Zwar gehören politische Ordnungsleistungen (und Fehlleistungen) auch für Burstein zu den treibenden Kräften von Wandel, doch charakteristisch für die Prioritäten in einem Geschichtsbild, das den Menschen unaufhörlich zu neuen Ufern, Kontakten und Erwerbsmöglichkeiten aufbrechen lässt, ist eine Bemerkung über Indien in der Zeit, als in Rom die Republik zerbrach: Trotz seiner chaotischen Politik, in der sich "die Macht und die Territorien der rivalisierenden Königreiche wie eine Ziehharmonika ausdehnten und zusammenzogen", sei der Subkontinent doch im Allgemeinen wohlhabend gewesen und habe ein Wachstum des Handels erlebt. Hatte die Forschung zumal zum Alten Orient lange Zeit die Blütezeiten zentralisierender Reiche als Marksteine zivilisatorischen Fortschritts betont, sieht Burstein im Zusammenbruch solcher Gebilde und der anschließenden Fragmentierung eher die Herausforderungen, Spielräume und Möglichkeiten der Überlebenden - Schumpeter schlägt Hobbes.

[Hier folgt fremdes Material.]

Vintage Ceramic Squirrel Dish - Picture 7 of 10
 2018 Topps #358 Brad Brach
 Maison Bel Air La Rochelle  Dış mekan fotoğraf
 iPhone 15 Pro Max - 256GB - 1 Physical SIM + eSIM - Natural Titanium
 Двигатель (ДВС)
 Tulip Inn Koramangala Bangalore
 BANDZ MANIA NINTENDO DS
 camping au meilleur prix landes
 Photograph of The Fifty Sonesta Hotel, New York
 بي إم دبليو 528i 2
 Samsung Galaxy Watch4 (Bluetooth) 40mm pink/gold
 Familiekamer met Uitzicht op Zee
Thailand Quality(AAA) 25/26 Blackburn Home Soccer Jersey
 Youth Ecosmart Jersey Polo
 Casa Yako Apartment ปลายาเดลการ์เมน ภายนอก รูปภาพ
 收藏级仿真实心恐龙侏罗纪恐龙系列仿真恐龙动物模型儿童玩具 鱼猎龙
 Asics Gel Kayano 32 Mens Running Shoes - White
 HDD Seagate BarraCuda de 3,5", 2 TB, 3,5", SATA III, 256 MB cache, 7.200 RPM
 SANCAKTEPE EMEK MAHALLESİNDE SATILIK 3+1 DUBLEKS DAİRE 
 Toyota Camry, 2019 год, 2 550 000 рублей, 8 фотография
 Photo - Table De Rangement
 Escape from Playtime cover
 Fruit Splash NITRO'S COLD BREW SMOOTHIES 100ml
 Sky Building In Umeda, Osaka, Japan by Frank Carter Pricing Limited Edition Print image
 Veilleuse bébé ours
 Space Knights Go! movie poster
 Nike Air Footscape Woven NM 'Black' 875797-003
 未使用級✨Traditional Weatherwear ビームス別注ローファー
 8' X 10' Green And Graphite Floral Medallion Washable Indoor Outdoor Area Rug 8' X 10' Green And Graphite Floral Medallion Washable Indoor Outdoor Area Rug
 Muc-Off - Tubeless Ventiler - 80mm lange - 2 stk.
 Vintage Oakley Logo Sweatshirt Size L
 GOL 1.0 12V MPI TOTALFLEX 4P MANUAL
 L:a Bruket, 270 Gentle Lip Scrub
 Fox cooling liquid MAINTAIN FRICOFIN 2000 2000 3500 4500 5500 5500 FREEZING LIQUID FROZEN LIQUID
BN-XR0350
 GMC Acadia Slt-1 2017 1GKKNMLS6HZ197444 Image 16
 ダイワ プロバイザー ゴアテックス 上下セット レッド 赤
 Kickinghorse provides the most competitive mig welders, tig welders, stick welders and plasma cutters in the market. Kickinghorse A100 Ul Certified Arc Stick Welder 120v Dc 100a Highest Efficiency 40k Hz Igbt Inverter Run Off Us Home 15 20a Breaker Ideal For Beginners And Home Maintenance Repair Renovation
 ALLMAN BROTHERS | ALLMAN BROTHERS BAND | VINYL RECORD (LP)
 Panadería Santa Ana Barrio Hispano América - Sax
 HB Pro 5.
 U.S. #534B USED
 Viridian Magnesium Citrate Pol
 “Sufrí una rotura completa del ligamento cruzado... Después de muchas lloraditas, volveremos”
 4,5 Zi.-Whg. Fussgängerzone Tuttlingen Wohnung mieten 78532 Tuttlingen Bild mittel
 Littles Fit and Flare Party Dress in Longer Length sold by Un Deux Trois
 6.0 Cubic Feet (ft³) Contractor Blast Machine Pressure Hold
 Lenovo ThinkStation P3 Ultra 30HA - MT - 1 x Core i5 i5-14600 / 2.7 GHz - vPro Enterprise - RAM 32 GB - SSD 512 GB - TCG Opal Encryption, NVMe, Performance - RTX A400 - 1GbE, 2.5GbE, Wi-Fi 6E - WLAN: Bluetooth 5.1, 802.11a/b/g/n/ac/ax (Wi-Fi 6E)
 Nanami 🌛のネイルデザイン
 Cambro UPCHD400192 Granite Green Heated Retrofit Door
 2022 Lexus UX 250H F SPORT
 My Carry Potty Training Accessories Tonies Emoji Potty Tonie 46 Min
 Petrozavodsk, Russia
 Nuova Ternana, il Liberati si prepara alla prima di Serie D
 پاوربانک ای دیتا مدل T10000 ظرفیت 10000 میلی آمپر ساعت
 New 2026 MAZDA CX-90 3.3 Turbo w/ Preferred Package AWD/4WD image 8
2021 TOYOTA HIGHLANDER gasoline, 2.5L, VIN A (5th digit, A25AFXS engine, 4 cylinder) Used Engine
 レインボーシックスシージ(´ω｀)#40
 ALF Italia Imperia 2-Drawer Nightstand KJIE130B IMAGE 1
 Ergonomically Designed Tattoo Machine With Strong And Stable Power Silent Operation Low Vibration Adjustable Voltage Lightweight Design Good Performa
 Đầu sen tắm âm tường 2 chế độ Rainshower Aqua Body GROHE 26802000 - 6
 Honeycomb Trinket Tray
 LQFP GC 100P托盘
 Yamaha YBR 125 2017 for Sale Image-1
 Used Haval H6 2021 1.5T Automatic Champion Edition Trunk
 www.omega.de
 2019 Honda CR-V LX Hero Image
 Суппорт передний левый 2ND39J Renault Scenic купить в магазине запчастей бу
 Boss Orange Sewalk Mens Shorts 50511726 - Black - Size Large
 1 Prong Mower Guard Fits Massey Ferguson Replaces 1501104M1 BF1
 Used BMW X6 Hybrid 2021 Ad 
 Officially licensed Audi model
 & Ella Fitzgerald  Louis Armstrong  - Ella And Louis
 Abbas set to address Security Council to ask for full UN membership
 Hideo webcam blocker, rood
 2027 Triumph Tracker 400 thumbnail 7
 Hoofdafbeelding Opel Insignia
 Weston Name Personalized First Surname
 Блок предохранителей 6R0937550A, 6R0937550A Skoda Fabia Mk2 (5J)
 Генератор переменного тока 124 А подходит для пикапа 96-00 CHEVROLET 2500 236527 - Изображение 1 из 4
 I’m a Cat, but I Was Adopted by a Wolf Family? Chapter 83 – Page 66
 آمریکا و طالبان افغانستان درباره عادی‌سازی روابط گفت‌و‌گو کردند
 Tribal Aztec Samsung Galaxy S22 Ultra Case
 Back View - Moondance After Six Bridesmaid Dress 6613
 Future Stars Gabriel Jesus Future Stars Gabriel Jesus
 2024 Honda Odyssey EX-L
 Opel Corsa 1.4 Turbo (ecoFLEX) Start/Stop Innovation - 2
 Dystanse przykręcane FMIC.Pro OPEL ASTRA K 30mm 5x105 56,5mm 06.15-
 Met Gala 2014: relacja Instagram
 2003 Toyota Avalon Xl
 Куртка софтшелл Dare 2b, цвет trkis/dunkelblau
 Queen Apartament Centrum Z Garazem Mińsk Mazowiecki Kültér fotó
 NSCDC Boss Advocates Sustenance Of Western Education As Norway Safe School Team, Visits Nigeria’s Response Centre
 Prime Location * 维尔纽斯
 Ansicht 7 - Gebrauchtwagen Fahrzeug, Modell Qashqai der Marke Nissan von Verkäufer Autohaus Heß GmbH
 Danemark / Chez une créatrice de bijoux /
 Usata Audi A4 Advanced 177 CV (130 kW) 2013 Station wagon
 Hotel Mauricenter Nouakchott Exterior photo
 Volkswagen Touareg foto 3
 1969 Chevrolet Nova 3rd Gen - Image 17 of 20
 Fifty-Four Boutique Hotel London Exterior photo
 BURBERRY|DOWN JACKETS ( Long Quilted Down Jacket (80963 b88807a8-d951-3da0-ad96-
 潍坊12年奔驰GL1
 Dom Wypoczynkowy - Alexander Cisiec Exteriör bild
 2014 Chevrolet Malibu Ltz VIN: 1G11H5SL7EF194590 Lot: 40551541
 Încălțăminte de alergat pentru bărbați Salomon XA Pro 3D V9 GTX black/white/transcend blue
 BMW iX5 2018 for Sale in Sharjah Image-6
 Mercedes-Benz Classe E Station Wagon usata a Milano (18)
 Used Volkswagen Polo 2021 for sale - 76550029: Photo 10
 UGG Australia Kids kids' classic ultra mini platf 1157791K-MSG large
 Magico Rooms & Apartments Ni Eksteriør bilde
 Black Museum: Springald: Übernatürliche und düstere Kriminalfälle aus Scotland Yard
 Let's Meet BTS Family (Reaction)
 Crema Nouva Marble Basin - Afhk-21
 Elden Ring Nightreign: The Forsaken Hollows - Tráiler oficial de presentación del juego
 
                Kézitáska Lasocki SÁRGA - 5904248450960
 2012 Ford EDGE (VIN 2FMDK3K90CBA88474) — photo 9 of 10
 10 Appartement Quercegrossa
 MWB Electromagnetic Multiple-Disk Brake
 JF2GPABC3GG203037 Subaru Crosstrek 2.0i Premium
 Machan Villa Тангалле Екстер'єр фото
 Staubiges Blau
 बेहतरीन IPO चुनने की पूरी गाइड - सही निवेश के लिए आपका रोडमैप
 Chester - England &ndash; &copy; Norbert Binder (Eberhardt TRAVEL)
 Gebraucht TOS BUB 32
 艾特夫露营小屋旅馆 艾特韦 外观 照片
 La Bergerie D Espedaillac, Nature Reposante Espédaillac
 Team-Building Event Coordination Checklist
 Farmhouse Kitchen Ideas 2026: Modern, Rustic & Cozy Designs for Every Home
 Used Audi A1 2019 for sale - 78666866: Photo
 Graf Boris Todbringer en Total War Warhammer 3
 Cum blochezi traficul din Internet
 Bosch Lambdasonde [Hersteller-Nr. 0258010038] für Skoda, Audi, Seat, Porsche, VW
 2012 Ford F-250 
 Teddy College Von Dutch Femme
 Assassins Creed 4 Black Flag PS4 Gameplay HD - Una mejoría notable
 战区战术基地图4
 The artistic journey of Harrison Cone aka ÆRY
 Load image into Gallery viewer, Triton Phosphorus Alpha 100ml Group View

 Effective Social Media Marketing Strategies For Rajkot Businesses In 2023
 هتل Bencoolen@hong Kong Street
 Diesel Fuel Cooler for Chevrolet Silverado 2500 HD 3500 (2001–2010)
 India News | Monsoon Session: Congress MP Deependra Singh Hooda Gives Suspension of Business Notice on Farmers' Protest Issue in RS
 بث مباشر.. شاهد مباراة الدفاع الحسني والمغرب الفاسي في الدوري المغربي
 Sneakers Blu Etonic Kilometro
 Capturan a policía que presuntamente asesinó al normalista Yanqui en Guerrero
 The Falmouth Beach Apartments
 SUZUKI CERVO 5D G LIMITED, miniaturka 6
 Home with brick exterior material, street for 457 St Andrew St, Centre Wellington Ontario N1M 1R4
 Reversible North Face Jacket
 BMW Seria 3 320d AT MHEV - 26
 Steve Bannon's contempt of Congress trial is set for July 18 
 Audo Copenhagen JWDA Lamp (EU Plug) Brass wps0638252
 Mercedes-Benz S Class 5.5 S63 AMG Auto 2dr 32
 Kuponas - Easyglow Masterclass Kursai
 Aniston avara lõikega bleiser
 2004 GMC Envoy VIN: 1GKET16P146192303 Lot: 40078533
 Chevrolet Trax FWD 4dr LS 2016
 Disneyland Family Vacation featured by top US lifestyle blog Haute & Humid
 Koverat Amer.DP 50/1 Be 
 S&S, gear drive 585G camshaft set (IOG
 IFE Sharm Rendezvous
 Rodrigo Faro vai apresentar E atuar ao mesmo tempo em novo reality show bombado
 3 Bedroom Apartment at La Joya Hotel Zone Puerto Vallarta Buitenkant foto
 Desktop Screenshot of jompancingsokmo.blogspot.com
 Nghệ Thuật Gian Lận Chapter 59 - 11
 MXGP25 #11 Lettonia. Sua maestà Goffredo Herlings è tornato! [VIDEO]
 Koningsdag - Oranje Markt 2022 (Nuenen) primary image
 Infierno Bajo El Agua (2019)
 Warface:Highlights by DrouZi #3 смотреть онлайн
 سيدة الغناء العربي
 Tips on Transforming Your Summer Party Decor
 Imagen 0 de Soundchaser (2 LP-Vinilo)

Erhellend werden - implizit in der Tradition älteren universalhistorischen Denkens - wiederkehrende Konstellationen identifiziert, aus denen sich wiederum Entwicklungsoptionen ergaben. So standen seit dem Ende des zweiten Jahrtausends vor Christus den meist regionalen, auf Ackerbau, Städte, Kriegführung zu Fuß und Wasserwege beziehungsweise maritime Entfaltung geprägten Formationen hochmobile, durch charismatische Anführer geschmiedete Stammesbündnisse zumal in der zentralasiatischen Steppe gegenüber und mussten Imperien, wo sie entstanden, mit dieser Konstellation zurechtkommen, durch Abwehr, Kooperation oder partielle Integration. Der Autor vermeidet es jedoch strikt, von historischen Gesetzmäßigkeiten oder Mechaniken zu sprechen. Unbeabsichtigte Folgen, so formuliert er prägnant, seien "der Stoff, aus dem die Geschichte ist". Mehrfach beginnt ein Satz über Weiterungen einer bestimmten Entwicklung mit dem Wort "ironischerweise". Am ehesten in die Nähe einer deterministischen Sicht gerät Burstein mit Blick auf den globalen Klimawandel, der ebenfalls um das Jahr 1000 vor Christus das Privileg ausreichenden Regens verschob, die Zivilisationen zumal Westasiens ins Hintertreffen brachte und gleichzeitig den Nomaden Zentralasiens nahegelegt habe, neues Weideland in den Territorien der landwirtschaftlich geprägten Staaten zu suchen. UWE WALTER
Stanley M. Burstein: "Antike Global". Die Welt von 1000 v. Chr. bis 300 n. Chr.
Aus dem Englischen von Kai Brodersen. WBG/Theiss Verlag, Darmstadt 2022. 208 S., Abb., geb., 22,- Euro.